It’s caused by the line-height: 1.5 style set on body. Reverting it back to normal fixes the issue for this font but that’s not ideal for typical fonts.

Could you tell me how reverting it back to normal works?
And would you say it could make sense to open an issue for this in github?

I’m afraid this is not a change we can apply if it improves this font but makes all others look worse - any potential fix would need to address this without regressions.

You can use the CSS Injector add-on to do that. Simply put the following in field.css:

anki-editable {
    line-height: normal;
}

See the add-on page for more details.

I haven’t had a chance to try and reproduce this, but I’m curious if the issue goes away if you use the Jameel Noori Nastaliq font instead (you can get it from urdu.ca). I don’t recall having any such issue with it.

It does appear there is something specific with that font.
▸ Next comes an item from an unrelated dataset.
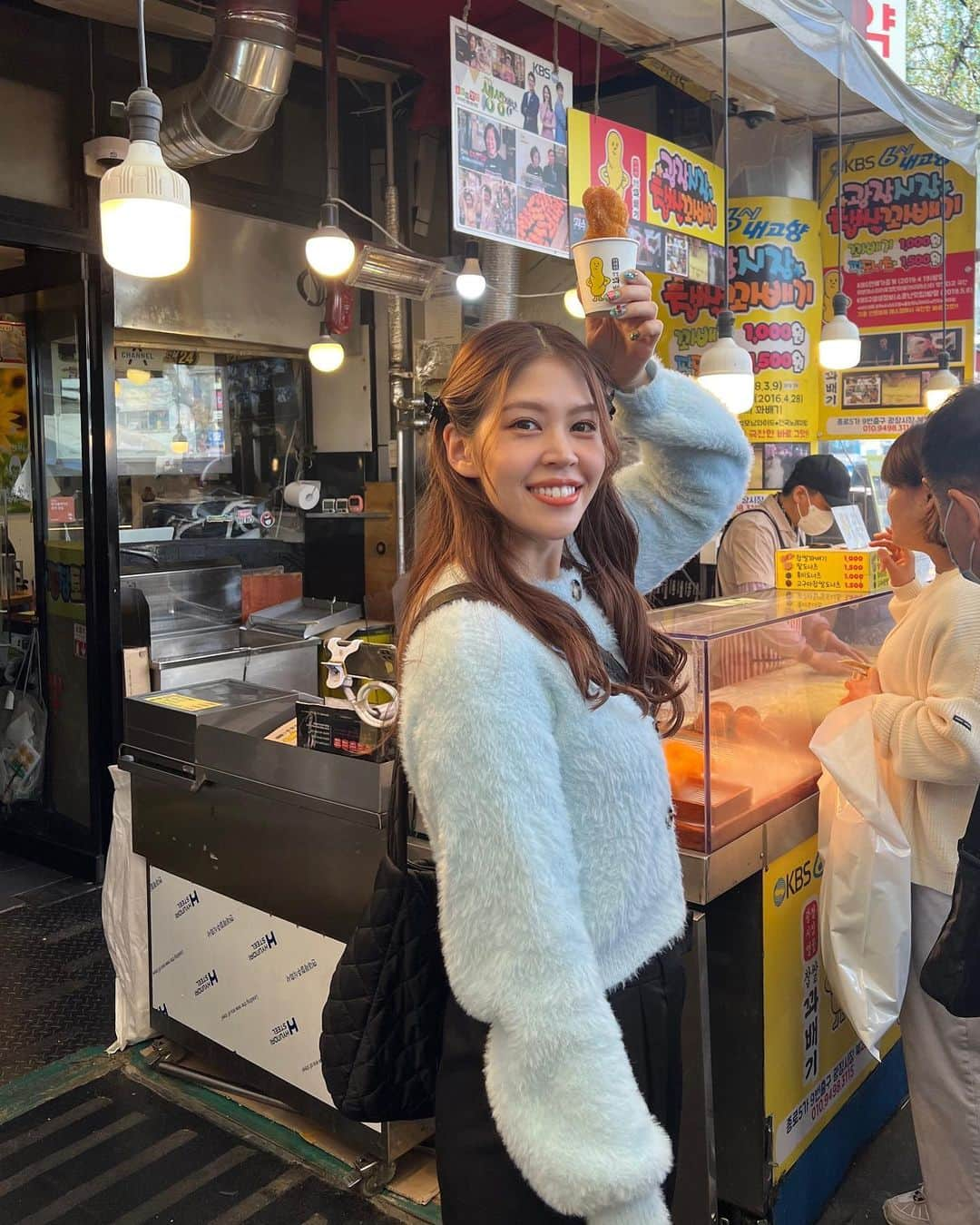 吉岡久美子のインスタグラム：「、 韓国旅行🇰🇷記録  #広蔵市場 の屋台美味しかった〜🩷  人気すぎる #クァベギ のお店は さつまいものクァベギが美味しすぎた🥲🫶  初めての #スンデ もビビりながら食べた！  いっぱい食べ歩きして楽しかった🫶🌈  #チャッサルクァベキ #韓国旅行  #seoul旅行 #ソウル旅行  #渡韓 #seoul #広蔵市場 #鐘路5街 #クァンジャンシジャン #クァンジャン市場  #広蔵市場食べ歩き #広蔵市場グルメ  #クァベギ専門店 #韓国旅行記  #韓国旅 #韓国グルメ #韓国グルメ情報  #つぼみ大革命 #つぼみ #吉本 #よしもと #アイドル #instagood #いいね #フォローミー」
It case it helps someone in the Ankiverse choose an Urdu font (in general, not specific to Anki), I have uploaded to github a spreadsheet (in OpenDocument Spreadsheet Document format) of Urdu ligatures that is based on C. M. Naim’s famous chart. The way it can be used is to install various Urdu fonts, then change the font for the whole sheet one font at a time, and you can see which does the best job of joining the letters (It is helpful to have an Urdu native speaker around when you do this.) I don’t actually remember if I was aware of the Noto Nastaliq Urdu font when I did this initially.